[Text and photos by Mayank Austen Soofi]
It is a beautiful nothing.
Chhoti Gumti in South Delhi’s Green Park Colony is of no historic consequence. It is such a tiny Lodhi-era ruin that its survival is a marvel. Perhaps it was an insignificant portion of a much larger structure but nobody can tell. There is no exact historical record of it in any book of monuments.
All the stories that Chhoti Gumti has lost to time, however, has not made it any poorer. It pulsates with modern life. The ruin lies snuggled inside a barricaded garden. People walk past it on their way to the Bobo district of Hauz Khas Village. The bourgeoisie houses of Green Park stand on the back.

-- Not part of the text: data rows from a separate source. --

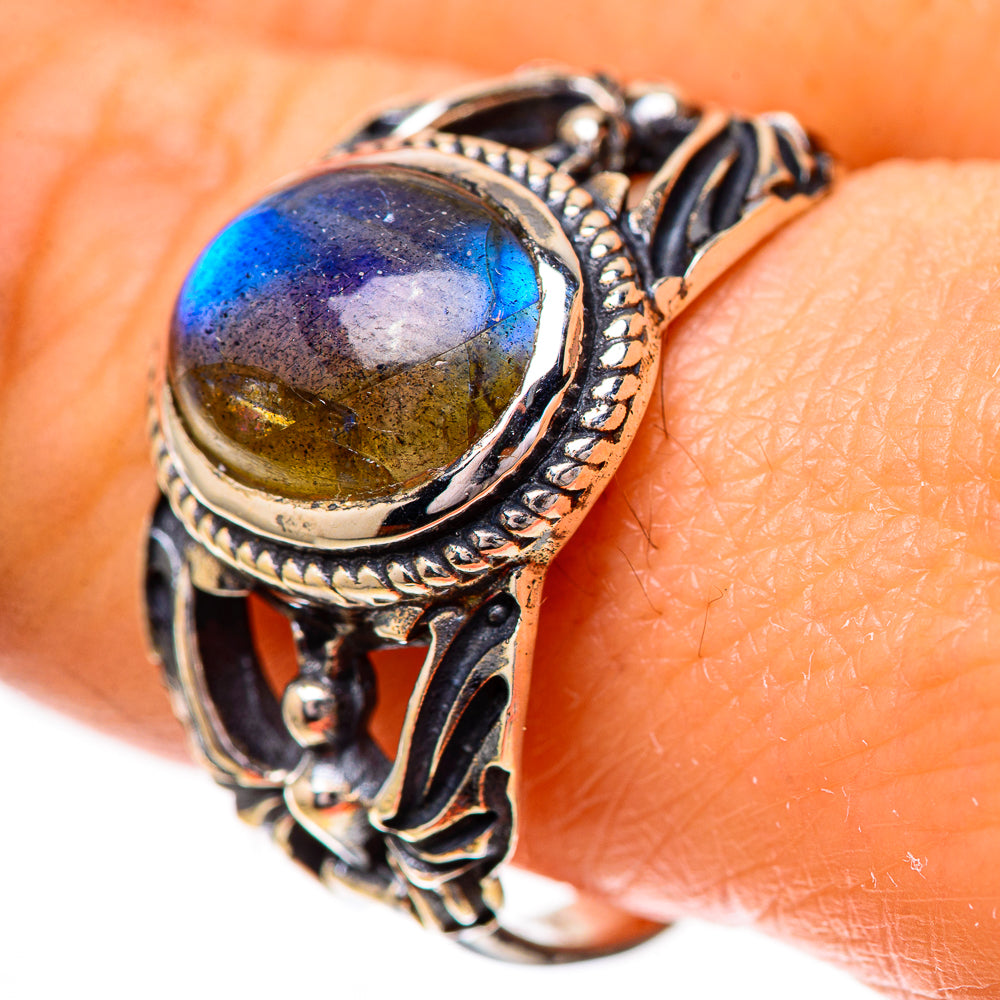 Labradorite Ring Size 10 (925 Sterling Silver) RING139856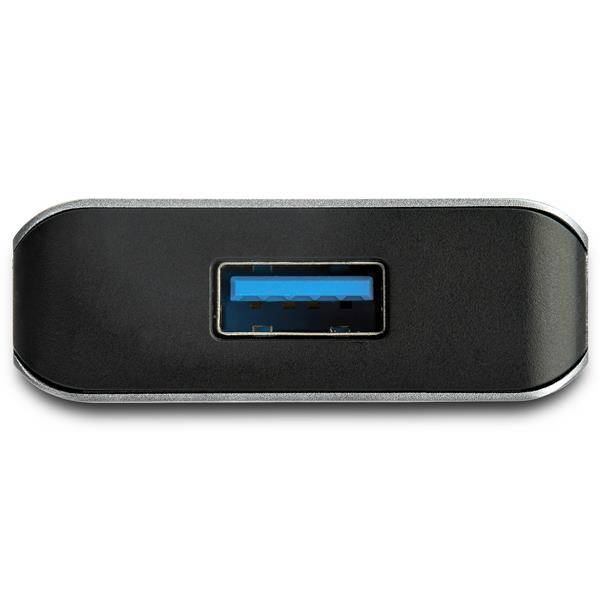 Rca Informatique - image du produit : 4-PORT USB-C HUB WITH PD 3.0 10GBPS - 3X USB-A/1X USB-C
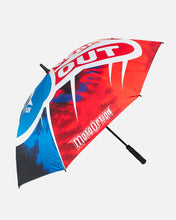 Load image into Gallery viewer, Peace Out Umbrella - Red, White & Blue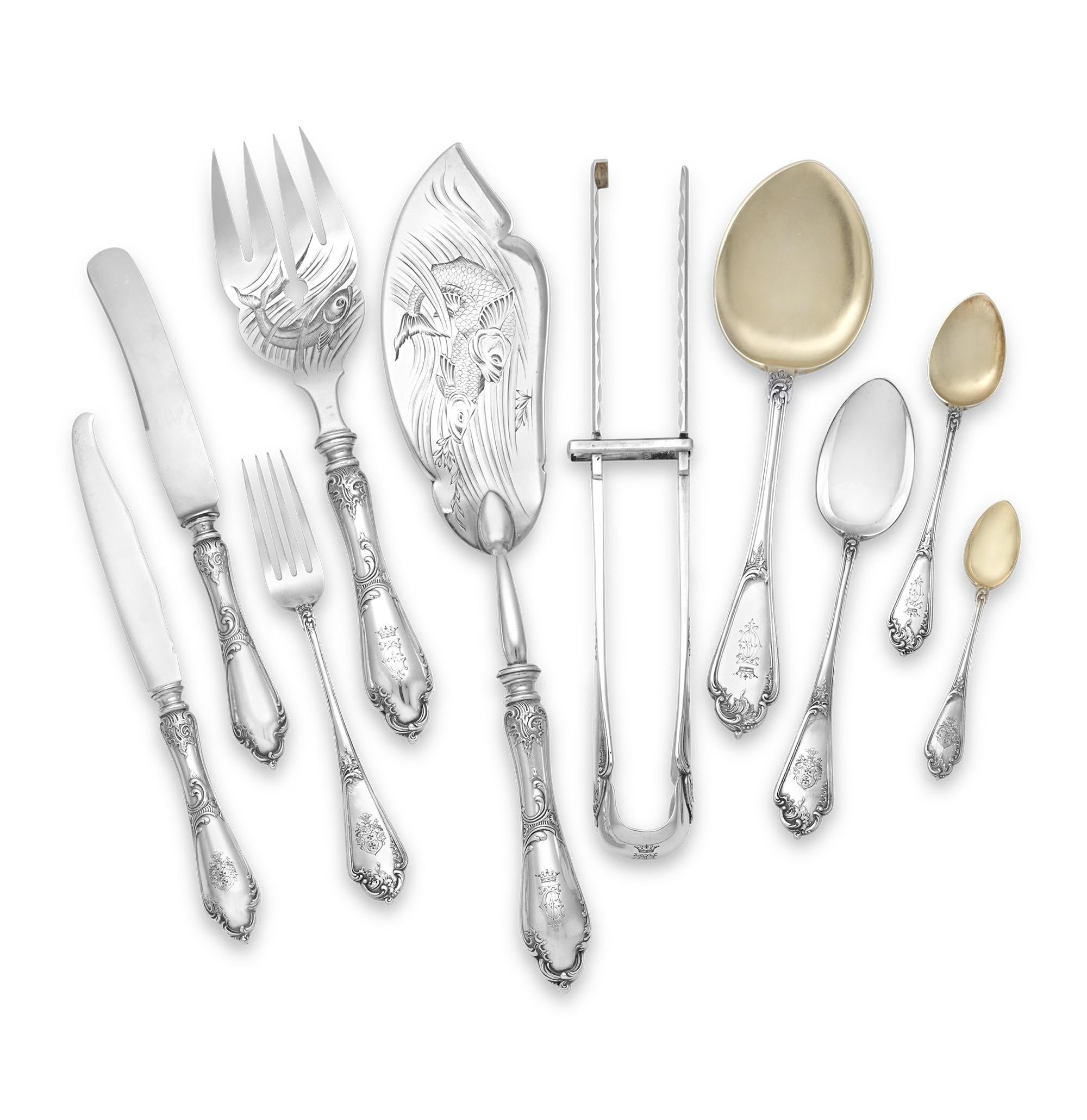 Servicio de Cubiertos de Plata Fabergé Silver en venta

In the morning, people could be spotted seated here in picturesque Yoga aasans. During the day, lonesome men lounge lazily on the grass. In the evening, elderly grandparents in the neighborhood arrive with their grandchildren and house servants. The monument is also claimed by lovers. There are two beautifully situated benches in the garden—one lies under the shade of two intertwined trees; the other is conveniently screened with vines.
Sometimes, hormone-charged college-going gangs of friends invade the ruin; they scamper around like happy monkeys.
The more sober travelers should examine the monument from all sides by slowly walking around it. The perspective is beautiful, especially if viewed from each of the four corners. Come in the evening when you are more likely to find pigeons seated on the dome. That’s a sight worth all the evenings spent elsewhere.